Proposal: RAII for nested autodiff

I noticed a lot of the codebase contains block of the form:

  {
    try {
      start_nested();
      // Do stuff
    } catch (const std::exception& e) {
      recover_memory_nested();
      throw;
    }
    recover_memory_nested();
  }

This is error prone - some code paths have no try/catch logic (e.g. cvodes_ode_data.hpp, most uses in tests), some have additional logic around it (e.g. grad_hessian.hpp) others just vary whethere the start / recover calls are within or outside the try block (which AFAIK could be problematic in the rare case the start / recover itself causes an exception.

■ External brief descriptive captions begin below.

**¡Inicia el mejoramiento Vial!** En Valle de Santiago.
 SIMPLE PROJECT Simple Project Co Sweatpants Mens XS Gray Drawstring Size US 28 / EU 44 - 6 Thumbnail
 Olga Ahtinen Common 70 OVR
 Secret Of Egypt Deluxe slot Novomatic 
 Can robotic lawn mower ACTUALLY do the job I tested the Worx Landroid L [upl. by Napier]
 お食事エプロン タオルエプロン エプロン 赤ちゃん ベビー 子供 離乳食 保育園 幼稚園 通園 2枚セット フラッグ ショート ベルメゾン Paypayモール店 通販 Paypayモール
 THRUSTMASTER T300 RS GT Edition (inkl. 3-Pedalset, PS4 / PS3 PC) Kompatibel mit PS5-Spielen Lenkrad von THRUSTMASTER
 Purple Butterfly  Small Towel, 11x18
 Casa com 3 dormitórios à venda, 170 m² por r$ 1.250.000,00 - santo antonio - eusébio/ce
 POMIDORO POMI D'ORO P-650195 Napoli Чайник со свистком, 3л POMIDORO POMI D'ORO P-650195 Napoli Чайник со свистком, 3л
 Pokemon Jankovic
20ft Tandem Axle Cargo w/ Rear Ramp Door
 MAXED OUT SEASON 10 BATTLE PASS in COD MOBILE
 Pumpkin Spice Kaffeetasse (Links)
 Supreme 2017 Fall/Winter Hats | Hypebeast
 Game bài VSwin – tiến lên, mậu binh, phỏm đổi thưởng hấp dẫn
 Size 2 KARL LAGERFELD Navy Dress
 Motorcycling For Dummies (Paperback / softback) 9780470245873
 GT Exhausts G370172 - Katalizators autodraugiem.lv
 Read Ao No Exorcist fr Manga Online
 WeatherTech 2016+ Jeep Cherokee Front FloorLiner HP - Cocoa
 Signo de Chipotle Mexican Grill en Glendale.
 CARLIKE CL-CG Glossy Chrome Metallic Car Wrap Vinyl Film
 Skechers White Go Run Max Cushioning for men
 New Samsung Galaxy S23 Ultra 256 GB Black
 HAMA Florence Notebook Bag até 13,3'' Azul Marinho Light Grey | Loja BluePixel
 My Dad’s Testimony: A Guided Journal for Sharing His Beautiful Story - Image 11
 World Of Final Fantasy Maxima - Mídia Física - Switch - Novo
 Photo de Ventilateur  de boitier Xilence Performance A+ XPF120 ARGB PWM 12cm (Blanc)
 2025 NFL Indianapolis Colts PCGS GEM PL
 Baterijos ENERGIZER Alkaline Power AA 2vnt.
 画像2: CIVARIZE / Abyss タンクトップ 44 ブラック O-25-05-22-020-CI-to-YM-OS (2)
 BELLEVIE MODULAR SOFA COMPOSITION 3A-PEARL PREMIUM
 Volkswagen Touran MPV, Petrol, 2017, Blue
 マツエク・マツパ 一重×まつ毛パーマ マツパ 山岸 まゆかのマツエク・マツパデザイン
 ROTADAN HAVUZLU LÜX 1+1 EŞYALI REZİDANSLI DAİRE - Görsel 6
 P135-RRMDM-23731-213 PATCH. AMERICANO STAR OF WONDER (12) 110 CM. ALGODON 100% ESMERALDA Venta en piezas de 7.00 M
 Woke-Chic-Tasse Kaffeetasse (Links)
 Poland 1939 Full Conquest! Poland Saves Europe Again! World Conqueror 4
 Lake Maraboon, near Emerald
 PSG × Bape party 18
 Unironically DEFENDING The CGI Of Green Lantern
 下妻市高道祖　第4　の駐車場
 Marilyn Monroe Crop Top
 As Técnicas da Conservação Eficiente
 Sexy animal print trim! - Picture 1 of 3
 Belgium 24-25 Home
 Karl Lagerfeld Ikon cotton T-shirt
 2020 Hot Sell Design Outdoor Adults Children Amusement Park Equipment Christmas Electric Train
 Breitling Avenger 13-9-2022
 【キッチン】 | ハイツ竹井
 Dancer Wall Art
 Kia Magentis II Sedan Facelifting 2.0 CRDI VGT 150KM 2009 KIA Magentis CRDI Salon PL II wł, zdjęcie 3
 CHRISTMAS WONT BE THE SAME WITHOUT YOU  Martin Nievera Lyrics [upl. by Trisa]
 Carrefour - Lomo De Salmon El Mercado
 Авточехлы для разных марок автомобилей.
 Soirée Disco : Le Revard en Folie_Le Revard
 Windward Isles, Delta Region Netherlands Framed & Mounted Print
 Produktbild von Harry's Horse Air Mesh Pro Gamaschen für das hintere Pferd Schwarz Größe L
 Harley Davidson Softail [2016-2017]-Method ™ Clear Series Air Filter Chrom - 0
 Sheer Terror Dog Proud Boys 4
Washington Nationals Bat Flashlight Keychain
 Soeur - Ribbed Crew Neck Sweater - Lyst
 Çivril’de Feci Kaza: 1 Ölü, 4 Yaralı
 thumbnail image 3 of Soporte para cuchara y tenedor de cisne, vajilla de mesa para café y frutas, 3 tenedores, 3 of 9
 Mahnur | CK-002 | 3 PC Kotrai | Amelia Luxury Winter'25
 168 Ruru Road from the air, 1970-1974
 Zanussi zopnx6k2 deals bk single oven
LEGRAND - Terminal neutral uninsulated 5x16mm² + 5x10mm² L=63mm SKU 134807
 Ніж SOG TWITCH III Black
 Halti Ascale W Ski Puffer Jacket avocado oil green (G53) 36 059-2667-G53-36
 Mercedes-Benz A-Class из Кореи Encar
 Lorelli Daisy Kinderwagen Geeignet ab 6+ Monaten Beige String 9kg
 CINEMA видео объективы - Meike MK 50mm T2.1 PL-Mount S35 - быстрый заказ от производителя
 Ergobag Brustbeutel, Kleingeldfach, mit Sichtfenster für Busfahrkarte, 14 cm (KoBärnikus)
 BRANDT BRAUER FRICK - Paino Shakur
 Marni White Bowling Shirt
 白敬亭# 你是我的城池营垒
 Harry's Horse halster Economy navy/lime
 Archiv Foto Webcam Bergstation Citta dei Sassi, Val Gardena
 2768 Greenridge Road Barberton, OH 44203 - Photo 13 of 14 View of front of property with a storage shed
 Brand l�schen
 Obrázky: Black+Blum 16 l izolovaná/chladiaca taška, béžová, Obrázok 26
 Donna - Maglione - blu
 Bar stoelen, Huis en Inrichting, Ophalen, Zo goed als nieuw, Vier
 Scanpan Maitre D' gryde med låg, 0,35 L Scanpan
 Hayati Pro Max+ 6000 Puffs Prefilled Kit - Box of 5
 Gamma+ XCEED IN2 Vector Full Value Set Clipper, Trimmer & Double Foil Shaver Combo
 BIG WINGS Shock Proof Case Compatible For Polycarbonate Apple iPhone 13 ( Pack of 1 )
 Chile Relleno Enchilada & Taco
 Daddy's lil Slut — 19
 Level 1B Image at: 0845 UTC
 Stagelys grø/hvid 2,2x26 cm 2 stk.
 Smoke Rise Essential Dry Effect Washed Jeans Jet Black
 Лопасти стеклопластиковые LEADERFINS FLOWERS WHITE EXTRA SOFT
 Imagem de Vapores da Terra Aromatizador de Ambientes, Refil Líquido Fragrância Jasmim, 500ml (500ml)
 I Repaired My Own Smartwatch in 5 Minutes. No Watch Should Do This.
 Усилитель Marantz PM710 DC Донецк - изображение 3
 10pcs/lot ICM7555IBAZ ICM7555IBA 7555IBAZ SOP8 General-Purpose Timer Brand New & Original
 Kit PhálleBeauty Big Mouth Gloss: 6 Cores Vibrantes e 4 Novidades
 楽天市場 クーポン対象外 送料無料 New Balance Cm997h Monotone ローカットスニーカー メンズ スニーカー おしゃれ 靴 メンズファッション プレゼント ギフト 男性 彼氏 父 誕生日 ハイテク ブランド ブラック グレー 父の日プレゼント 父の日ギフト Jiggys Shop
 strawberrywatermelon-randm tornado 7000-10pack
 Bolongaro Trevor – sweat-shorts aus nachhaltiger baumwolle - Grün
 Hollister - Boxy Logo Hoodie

Maybe this would be better handled by creating a RAII class for nested autodiff, something like (code not tested):

class local_nested_autodiff {
public:
    local_nested_autodiff ()
    {
       start_nested();
    }
    ~local_nested_autodiff ()
    {
       recover_memory_nested();
    }
};

Which would let me write the code above as:

  {
    local_nested_autodiff nested();
    //Do stuff
  }

The cost is that such code is less readable for less experienced C++ users.

Any ideas?

4 Likes

This makes a lot of sense to me. My original proposals for parallel AD did do a very similar refactor.

I’d say go for it.

Does the RAII thing call the destructor if an error gets thrown?

Good catch

Yes. The RAII design as proposed will always clean things up in a safe way.

Yes. It is actually the recommended solution when people ask about the C++ equivalent of a finally keyword

Oh neat. I like this then.

That’s a really cool solution. I’ve never seen that pattern, but it makes a ton of sense. And as you can imagine, I was grumbling about the lack of Java-style finally the whole time I was writing the functionals.